Statement on Legislative Bill 564
Chip Maxwell for the Omaha Alliance for the Private Sector
Business & Labor Committee of the Nebraska Legislature
February 7, 2011

Dear Mr. Chairman & Members of the Committee,

The Omaha Alliance for the Private Sector supports Senator Fulton’s effort to reform the procedure involving the Commission of Industrial Relations. The fundamental problem with the CIR is that it removes decision-making authority from local elected officials who should be accountable to their taxpaying constituents. Put another way, Omaha taxpayers are left at the mercy of unions and politicians in other cities and states. Deals made by politicians not accountable to Omaha taxpayers determine what Omaha taxpayers must pay their public employees. It’s an insidious form of taxation without representation.

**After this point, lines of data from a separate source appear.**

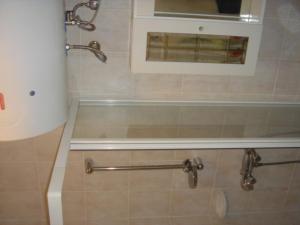 Kúpeľňa v ubytovaní Janó Apartman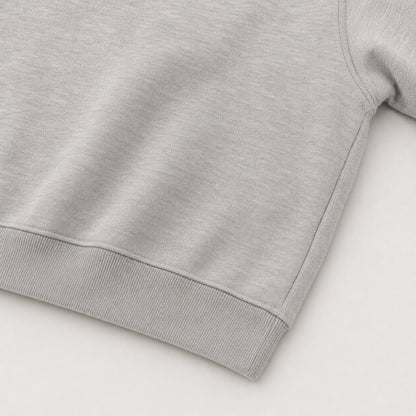 Close-up of the continuous ribbed hem and closed side construction on the FineAF Magnetic grey hoodie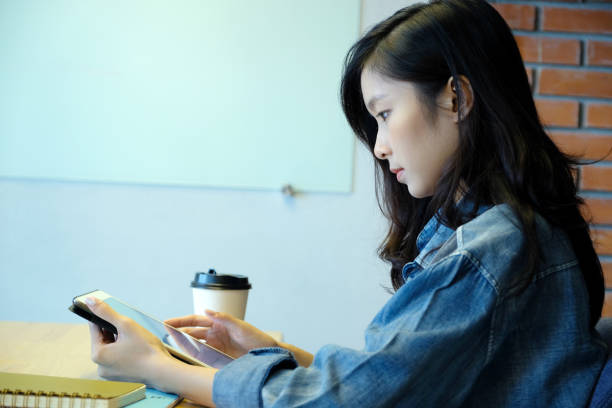 istock Young asian woman using tablet while sitting in  room background, people and technology, lifestyle, adult online education, working from home 1033542922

The Alliance likes the way LB 564 shines a light on the facts and allows the public to effectively oversee the negotiating parties and judge whether they are being reasonable or unreasonable. Constituents can let their elected officials know what they think of a proposed contract and hold them accountable for it on the ballot.

If LB 564 or something like it cannot be advanced, then the Alliance would prefer to see the CIR system abolished, or at least an exemption granted for Omaha. We realize this would raise the specter of public employee strikes, especially unsettling in the case of police officers and fire fighters. We do not believe that either employees or politicians would want to be responsible for letting crimes or fires go unfought in their communities. Indeed, the risk of such a disastrous situation would be a disciplinary force driving all parties to an agreement at the local bargaining table where there is accountability to the local taxpayer. Such contracts must be presented in a public hearing prior to a vote on them, so the public would have the chance to evaluate the facts and the positions of negotiating parties – and ultimately hold their elected officials accountable. That would be preferable to the current system.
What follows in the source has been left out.